We review rulings as to the admissibility of evidence under an abuse of discretion standard. Agristor Leasing v. Meuli, 865 F.2d 1150, 1152 (10th Cir.1988). Fay’s testimony was very brief. As a rebuttal witness, the scope of her testimony was confined. After review of the record as a whole we cannot conclude that the probative value of this testimony was outweighed by any alleged prejudice to ASI. We hold, therefore, that the district court did not abuse its discretion in permitting Fay’s testimony.

*1576VII

The final issue concerns reducing the damage award, specifically whether front pay was properly awarded in lieu of reinstatement and whether plaintiff exercised due diligence in mitigating her damages. We have held that reinstatement is the preferred remedy in ADEA cases, but that a plaintiff is entitled to front pay when reinstatement is not feasible. Spulak, 894 F.2d at 1157; Cooper, 836 F.2d at 1553. The parties agreed to permit the judge to make this determination. In explaining its reasons for awarding front pay the district court acknowledged defendant’s hostility toward plaintiff, and found that the relationship between the parties had been irreparably damaged. The record contains examples of sharply conflicting evidence about specific incidents reflecting on plaintiffs job performance and treatment. At best, these illustrate a poor working relationship between the parties; at worst, an absence of mutual trust. The district court’s decision that a productive and amicable working relationship between the parties was not feasible is supported by the record and hence not an abuse of discretion. See EEOC v. Prudential Fed. Sav. and Loan Ass’n, 763 F.2d 1166, 1172-73 (10th Cir.1985), cert. denied, 474 U.S. 946, 106 S.Ct. 312, 88 L.Ed.2d 289 (1985); EEOC v. Sandia Corp., 639 F.2d 600, 627 (10th Cir.1980).

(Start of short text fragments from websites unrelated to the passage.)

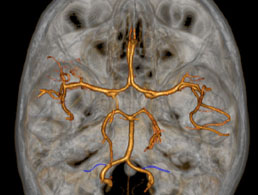 Perforante-de-la-PICA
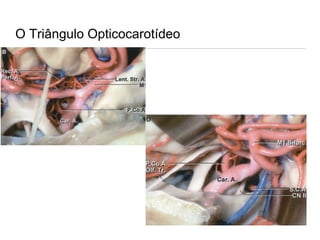 O Triângulo Opticocarotídeo
 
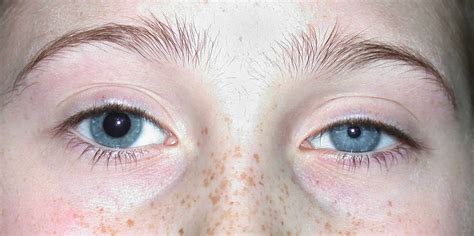Anisocoria Causes Anisocoria In Babies Causes Diagnosis And Treatment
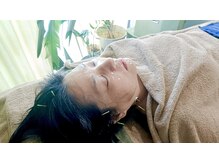 PUNAYU【鍼灸 | アーユルヴェーダ】/美容鍼灸×炭酸パック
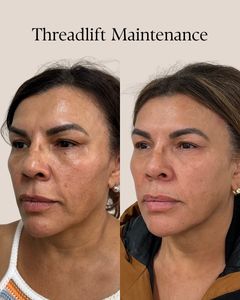 Instagram post by @thebeautypa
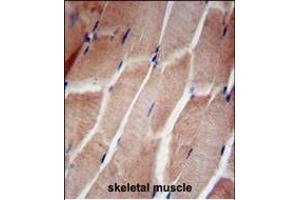 RPL5 Antibody (N-term) (ABIN653209 and ABIN2842750) immunohistochemistry analysis in formalin fixed and paraffin embedded human skeletal muscle followed by peroxidase conjugation of the secondary antibody and DAB staining. (RPL5 抗体  (N-Term))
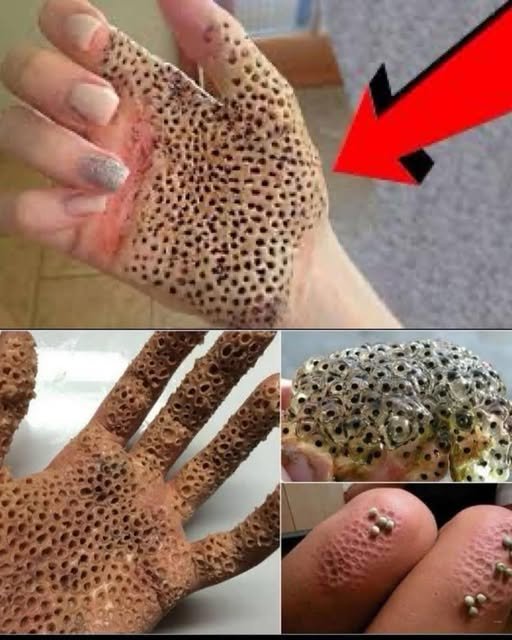 O Vilão Silencioso da Sua Pele: Por Que Dormir de Lado Pode Estar Acelerando o Envelhecimento - Guia Receita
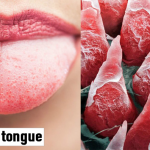 Ученые узнали, как кишечная нервная система в кишечнике взаимодействует с мозгом - «Новости медицины»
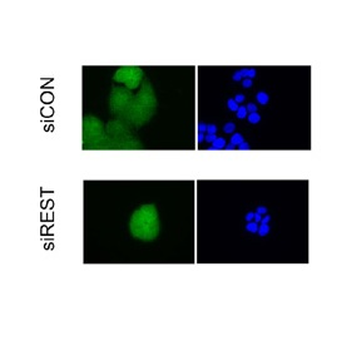 USP15 Rabbit Polyclonal Antibody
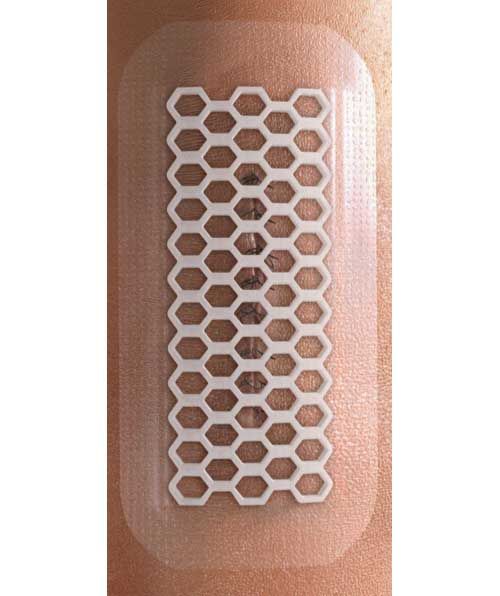 Absorbent Transparent Dressing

Plaintiff does have an obligation to mitigate damages. The employer, however, carries the burden of showing plaintiff failed to exercise due diligence in mitigating any losses. Spulak, 894 F.2d at 1158. ASI did not establish that plaintiff’s efforts to mitigate her damages were unreasonable under the circumstances. The award of front pay in lieu of reinstatement was not clearly erroneous. See Sandia Corp., 639 F.2d at 627.

We therefore REVERSE that portion of the judgment awarding liquidated damages for a willful ADEA violation, and AFFIRM the remainder of the district court’s judgment.

AFFIRMED in part, REVERSED in part, and REMANDED for further proceedings consistent herewith.